- [Aim of the exercise] Your task is to repeat exactly the lines below between the line holding "Kapitex 4994 Kız" and the line holding "Vintage 90s shiny joggers blue mens", inclusive, and only those.

[Items listed in a dataset]
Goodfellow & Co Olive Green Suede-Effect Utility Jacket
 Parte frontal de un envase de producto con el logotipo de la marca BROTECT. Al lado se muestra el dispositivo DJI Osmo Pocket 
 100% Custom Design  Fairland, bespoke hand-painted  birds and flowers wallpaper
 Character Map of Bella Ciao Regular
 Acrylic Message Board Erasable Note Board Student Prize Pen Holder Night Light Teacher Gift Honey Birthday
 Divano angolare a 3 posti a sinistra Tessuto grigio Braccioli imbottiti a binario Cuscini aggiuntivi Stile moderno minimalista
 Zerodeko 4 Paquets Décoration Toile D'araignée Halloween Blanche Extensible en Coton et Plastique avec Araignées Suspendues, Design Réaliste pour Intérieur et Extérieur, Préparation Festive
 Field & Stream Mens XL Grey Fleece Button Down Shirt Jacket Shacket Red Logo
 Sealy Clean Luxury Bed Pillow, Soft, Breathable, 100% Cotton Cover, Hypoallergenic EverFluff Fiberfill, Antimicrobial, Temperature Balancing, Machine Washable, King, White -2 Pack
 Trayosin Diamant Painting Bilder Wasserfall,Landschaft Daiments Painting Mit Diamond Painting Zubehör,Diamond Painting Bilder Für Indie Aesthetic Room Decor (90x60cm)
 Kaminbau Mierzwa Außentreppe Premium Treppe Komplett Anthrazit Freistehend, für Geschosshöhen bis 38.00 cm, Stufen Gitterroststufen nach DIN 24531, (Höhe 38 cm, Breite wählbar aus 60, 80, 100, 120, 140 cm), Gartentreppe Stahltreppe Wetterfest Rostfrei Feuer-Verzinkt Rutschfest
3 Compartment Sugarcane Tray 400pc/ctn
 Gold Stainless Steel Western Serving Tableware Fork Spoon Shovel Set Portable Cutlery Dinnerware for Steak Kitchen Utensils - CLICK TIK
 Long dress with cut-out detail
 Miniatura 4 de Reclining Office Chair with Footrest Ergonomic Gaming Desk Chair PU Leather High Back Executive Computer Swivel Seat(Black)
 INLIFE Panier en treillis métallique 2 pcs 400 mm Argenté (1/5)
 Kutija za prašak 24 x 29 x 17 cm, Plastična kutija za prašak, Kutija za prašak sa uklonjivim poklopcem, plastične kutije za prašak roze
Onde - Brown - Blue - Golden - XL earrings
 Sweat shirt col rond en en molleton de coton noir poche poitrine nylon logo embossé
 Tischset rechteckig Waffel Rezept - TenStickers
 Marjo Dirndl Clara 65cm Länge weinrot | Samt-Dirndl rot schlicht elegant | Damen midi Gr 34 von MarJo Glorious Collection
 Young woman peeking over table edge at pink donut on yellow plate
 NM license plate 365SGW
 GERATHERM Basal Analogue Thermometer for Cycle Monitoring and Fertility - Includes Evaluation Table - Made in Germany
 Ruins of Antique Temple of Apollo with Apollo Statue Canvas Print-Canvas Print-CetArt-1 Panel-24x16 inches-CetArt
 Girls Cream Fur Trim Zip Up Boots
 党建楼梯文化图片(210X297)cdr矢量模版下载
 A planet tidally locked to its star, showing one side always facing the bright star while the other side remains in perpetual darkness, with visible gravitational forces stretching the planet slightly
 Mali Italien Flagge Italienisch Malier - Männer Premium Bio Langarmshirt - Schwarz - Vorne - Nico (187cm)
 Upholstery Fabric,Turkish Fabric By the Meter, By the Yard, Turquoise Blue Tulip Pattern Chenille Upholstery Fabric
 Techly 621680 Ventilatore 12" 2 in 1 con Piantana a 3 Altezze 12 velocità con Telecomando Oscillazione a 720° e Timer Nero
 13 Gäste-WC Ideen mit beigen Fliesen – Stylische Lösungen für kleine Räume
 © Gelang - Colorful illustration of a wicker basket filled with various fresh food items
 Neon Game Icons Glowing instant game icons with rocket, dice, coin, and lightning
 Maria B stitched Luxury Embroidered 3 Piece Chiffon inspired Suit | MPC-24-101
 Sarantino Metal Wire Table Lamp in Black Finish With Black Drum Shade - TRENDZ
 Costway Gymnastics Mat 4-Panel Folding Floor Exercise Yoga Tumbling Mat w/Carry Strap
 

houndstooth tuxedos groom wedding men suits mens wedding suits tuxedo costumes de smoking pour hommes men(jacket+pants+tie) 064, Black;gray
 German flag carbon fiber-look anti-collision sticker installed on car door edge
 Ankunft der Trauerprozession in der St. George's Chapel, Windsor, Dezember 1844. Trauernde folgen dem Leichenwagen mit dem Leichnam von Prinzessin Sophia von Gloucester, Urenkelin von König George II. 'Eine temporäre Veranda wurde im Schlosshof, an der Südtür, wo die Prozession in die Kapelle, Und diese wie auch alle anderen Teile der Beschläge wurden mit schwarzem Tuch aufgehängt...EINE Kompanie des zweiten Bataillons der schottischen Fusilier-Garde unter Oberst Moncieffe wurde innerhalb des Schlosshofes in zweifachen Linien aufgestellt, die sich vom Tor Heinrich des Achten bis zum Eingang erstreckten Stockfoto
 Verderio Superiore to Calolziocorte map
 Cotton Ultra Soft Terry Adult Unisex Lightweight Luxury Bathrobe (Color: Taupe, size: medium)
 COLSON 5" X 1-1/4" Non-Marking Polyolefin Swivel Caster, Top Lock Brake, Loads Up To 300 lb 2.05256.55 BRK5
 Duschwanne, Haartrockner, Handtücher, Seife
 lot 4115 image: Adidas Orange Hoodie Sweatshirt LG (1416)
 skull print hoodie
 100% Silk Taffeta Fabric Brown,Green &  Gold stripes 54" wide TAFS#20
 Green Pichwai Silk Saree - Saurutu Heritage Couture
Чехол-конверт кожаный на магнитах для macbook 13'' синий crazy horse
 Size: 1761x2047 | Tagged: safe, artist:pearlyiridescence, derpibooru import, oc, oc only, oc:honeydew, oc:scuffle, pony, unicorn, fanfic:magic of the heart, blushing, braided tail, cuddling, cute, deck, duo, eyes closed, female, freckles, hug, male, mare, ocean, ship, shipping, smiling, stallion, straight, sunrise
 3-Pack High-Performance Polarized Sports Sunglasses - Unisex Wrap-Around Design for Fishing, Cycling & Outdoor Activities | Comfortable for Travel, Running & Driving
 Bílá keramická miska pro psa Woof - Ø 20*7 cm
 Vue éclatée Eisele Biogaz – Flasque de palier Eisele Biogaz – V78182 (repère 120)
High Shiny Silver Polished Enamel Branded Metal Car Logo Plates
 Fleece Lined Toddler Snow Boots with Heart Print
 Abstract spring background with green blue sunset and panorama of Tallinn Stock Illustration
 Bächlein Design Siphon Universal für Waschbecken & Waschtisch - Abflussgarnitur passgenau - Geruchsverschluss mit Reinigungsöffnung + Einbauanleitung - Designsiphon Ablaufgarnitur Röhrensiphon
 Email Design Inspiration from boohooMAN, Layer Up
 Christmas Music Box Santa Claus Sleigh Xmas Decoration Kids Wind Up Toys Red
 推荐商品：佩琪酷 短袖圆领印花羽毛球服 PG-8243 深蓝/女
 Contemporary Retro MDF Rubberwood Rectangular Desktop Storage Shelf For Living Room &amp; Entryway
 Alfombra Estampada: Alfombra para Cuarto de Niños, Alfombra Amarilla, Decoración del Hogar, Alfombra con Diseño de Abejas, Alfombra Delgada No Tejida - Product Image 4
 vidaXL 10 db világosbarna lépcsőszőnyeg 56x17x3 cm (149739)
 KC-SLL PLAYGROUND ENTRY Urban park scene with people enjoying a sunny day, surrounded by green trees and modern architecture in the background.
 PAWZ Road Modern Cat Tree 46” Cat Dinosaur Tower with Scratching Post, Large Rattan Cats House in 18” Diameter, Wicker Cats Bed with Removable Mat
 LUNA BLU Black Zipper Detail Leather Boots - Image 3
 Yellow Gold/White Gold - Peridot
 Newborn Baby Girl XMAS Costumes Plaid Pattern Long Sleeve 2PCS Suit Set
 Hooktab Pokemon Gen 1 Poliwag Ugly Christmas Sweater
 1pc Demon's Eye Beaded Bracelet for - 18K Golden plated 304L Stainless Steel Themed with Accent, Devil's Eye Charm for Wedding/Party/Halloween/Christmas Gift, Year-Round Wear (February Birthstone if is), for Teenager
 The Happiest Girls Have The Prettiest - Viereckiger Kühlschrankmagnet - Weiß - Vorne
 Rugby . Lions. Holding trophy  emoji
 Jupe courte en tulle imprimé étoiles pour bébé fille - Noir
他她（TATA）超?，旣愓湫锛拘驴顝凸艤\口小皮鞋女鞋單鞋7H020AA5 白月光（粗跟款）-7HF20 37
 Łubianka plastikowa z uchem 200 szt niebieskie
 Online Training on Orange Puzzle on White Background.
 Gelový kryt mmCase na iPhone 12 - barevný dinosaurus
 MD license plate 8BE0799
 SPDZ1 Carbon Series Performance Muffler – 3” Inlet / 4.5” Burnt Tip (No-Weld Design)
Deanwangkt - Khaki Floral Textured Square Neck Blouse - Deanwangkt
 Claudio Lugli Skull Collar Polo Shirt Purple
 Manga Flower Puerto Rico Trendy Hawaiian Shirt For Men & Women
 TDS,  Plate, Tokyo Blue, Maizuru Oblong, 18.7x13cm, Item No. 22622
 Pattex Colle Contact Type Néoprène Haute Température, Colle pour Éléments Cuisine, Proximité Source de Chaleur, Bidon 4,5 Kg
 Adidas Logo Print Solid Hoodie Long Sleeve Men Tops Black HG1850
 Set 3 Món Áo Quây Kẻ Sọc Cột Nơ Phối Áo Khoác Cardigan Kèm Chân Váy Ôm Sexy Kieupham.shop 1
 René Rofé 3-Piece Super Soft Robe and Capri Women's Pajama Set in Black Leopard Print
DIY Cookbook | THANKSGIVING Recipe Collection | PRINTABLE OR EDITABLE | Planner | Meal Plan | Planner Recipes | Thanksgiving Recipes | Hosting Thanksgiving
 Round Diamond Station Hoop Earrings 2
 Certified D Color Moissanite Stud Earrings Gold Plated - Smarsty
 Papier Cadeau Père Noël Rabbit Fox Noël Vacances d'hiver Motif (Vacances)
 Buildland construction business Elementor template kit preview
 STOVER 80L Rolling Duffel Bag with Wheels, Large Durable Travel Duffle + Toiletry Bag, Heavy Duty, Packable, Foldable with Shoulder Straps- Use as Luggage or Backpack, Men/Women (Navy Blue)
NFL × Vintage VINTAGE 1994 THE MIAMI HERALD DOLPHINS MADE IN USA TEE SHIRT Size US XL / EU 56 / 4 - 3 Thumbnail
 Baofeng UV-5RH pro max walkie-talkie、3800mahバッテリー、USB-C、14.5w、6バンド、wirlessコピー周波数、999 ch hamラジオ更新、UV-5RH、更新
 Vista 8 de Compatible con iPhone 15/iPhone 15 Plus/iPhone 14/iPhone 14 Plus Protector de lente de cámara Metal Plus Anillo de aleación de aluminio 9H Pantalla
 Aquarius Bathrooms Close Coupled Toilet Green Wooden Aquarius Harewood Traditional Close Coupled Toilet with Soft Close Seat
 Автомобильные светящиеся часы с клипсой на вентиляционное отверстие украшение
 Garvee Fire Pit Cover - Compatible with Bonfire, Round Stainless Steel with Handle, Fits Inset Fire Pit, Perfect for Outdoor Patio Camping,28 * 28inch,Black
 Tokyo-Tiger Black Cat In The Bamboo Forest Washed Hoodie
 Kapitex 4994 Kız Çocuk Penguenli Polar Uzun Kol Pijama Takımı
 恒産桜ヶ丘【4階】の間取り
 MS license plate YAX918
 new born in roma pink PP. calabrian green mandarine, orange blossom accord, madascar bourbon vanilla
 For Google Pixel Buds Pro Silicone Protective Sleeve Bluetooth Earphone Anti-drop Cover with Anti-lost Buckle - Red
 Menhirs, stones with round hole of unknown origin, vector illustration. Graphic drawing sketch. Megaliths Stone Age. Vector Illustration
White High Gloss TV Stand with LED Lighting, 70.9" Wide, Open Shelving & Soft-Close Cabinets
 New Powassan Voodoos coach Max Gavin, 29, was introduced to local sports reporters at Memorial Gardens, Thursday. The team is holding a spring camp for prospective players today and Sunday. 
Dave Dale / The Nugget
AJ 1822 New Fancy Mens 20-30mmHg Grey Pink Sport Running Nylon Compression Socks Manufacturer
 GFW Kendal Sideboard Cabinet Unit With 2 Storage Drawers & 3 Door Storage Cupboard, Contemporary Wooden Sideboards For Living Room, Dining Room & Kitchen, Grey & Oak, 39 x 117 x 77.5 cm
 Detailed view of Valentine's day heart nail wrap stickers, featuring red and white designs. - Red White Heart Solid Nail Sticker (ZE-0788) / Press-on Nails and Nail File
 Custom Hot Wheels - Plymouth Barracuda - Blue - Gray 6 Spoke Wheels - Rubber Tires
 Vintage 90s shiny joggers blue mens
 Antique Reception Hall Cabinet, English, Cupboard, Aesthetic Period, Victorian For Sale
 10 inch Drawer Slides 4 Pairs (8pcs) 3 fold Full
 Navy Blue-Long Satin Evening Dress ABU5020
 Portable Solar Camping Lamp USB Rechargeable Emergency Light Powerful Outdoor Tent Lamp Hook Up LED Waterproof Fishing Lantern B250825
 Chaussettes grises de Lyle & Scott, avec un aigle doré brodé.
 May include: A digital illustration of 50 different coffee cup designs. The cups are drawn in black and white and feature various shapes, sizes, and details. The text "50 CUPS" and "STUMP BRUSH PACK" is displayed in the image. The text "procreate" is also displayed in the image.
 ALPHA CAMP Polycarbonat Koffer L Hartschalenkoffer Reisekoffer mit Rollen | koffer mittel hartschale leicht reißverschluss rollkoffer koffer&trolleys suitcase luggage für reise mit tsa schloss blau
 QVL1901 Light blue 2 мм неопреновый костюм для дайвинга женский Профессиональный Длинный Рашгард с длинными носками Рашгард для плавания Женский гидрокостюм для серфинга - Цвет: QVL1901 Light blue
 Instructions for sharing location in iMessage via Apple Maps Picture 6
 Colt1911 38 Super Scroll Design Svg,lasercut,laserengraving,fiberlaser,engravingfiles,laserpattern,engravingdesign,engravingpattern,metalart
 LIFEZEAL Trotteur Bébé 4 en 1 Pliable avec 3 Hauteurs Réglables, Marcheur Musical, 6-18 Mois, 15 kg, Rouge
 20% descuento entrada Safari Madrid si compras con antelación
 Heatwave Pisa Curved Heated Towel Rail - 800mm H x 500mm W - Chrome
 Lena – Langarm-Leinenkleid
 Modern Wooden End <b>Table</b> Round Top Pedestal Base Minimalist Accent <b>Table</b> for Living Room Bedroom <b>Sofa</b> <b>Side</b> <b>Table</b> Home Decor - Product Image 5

- [Problem solution]
 Kapitex 4994 Kız Çocuk Penguenli Polar Uzun Kol Pijama Takımı
 恒産桜ヶ丘【4階】の間取り
 MS license plate YAX918
 new born in roma pink PP. calabrian green mandarine, orange blossom accord, madascar bourbon vanilla
 For Google Pixel Buds Pro Silicone Protective Sleeve Bluetooth Earphone Anti-drop Cover with Anti-lost Buckle - Red
 Menhirs, stones with round hole of unknown origin, vector illustration. Graphic drawing sketch. Megaliths Stone Age. Vector Illustration
White High Gloss TV Stand with LED Lighting, 70.9" Wide, Open Shelving & Soft-Close Cabinets
 New Powassan Voodoos coach Max Gavin, 29, was introduced to local sports reporters at Memorial Gardens, Thursday. The team is holding a spring camp for prospective players today and Sunday. 
Dave Dale / The Nugget
AJ 1822 New Fancy Mens 20-30mmHg Grey Pink Sport Running Nylon Compression Socks Manufacturer
 GFW Kendal Sideboard Cabinet Unit With 2 Storage Drawers & 3 Door Storage Cupboard, Contemporary Wooden Sideboards For Living Room, Dining Room & Kitchen, Grey & Oak, 39 x 117 x 77.5 cm
 Detailed view of Valentine's day heart nail wrap stickers, featuring red and white designs. - Red White Heart Solid Nail Sticker (ZE-0788) / Press-on Nails and Nail File
 Custom Hot Wheels - Plymouth Barracuda - Blue - Gray 6 Spoke Wheels - Rubber Tires
 Vintage 90s shiny joggers blue mens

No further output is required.